At 51 nautical miles from Piraeus, Spetses is the southern-most of the Saronic Islands. It has an area of 25.5km2, with its sole road, tracing the perimeter of the island, measuring 24km in length. The population of the island numbers around 4,000, the most of whom are to be found in the main settlement on the island, Spetses Town which spreads out over an area of around 4km along the coast. There are also a small number of summer houses and one or two hotels around the area of Ayios Anargyrios, on the opposite side of the island.
The first thing we see as the boat approaches Spetses is the white town with its red-tiled roofs, set against a back-drop of pine trees. Starting in the western corner, we can make out the 'Engineers' Settlement', elevated above the College, the Spetses Hotel, and the bay of Kounoupitsa, which is filled with boats and caiques. Coming in towards the town, there is the old Daskalaki Factory, now the Nisia Hotel, the imposing grandeur of the Possidonion Hotel (built in 1914, it's the oldest hotel on the Greek Islands), and the main harbour of the island, the Dapia, which literally translated means, the Fortress.
Spetses' architecture owes much to its sometime Venetian overlords, who brought with them Italian finesse, attention to detail and many Arab craftsmen who, in their turn, left their mark on the buildings of the island. Thanks to some (for once) sensible legal restraints, it is strictly forbidden to build modern and high-rise buildings. The beauty of the island today is also greatly indebted to the clause which the great benefactor, Sotirios Anargyros, added to his bequests to the islanders. Between 1913 and 1923, he had methodically bought up over 45% of the total island area, and this he left to the island of Spetses, with the prerequisite that the pine forest area ( he had re-planted around 100,000 trees during his lifetime), would never be built upon.
The fine old houses making up the town's interior can just about be seen from the sea. Above the Dapia and Possidonion rises the area of Kastelli, home to the first major settlement of the island. To the east, the tall bell-tower of St. Nicholas prevails amongst the old captains' houses, erasing, if it were really necessary, any doubt that you are anywhere other than Spetses.
The Old Harbour, or Palio Limani, is hidden behind the headland of the Faros (lighthouse) and glides into view shortly before the boat docks. Here the sun-seekers of the day who have metamorphosed into the fun-seekers of the night, will find most of the bars and clubs they have heard so much about. It is also the area that holds the most magnificent of the traditional-styled villas, many belonging to members of the European jet set.
Once disembarked, we are greeted by the freshly restored building which once housed the town hall of Spetses. The narrow inner streets, filled with shops as different and enticing as the wonderful mezes served with your lunchtime ouzo, provide a perfect place to stroll and while away the hours.

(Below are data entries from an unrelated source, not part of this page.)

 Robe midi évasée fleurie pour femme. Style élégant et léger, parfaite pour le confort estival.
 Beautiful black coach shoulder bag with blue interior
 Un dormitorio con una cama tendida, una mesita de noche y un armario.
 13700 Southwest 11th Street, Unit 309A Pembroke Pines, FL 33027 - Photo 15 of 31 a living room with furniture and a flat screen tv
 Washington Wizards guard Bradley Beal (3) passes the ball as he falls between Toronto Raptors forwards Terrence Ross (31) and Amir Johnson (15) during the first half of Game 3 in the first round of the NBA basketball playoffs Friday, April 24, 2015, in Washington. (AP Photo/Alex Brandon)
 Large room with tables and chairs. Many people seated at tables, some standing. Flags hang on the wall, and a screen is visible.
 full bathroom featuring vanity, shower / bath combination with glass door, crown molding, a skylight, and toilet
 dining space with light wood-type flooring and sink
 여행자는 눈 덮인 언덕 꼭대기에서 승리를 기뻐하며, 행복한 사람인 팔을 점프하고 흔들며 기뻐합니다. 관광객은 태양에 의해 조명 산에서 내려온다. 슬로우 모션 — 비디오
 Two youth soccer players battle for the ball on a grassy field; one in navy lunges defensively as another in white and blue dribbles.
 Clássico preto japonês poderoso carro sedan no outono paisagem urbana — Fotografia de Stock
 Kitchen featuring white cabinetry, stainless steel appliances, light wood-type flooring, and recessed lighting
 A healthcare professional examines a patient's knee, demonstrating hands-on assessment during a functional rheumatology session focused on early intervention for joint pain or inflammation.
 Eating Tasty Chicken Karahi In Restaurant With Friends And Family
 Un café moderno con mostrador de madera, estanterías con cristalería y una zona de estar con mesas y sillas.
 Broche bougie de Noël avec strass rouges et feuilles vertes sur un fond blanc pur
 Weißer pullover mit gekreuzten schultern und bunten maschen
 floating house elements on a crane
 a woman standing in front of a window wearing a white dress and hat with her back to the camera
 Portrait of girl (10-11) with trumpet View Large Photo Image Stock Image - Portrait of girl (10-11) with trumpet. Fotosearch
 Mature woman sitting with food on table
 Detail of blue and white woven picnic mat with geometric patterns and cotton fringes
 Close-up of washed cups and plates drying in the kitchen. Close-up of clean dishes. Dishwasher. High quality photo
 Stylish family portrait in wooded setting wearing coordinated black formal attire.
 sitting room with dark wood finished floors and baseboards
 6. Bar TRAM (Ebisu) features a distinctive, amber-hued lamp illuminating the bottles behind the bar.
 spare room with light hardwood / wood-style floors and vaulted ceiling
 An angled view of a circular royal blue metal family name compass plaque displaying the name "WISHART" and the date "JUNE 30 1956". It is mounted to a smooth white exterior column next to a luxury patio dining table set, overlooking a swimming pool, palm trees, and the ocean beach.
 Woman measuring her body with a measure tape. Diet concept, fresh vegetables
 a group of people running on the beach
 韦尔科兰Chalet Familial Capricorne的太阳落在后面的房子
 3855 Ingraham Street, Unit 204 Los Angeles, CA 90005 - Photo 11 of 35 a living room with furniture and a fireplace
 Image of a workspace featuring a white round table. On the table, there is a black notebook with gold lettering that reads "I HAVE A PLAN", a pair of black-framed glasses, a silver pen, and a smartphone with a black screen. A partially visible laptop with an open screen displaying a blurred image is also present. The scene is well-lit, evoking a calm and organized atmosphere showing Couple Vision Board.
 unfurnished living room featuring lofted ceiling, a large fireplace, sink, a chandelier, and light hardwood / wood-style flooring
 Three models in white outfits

The various roads out of town will take the unsuspecting traveller in different directions, which in their turn will reveal all the secrets that Spetses has hidden.
The highest point on the island is Profitis Ilias, at 285m. It lies roughly central to the breadth of the island and affords two spectacular views, to the north, of Kosta, Porto Heli and the Dydima mountains, and on the opposite side of the Argolicos Gulf, Leonidio, to the south. There are paths at various points on the island that will take you there, as well as to the many other Spetses beauty spots. These paths make for a number of lovely mini-hikes, all over the central part of the island.
Spetses has very little in the way of natural water supply, so the island's needs are met by the water-carrier boat which makes its daily trip from the mainland, and unloads at the Dapia.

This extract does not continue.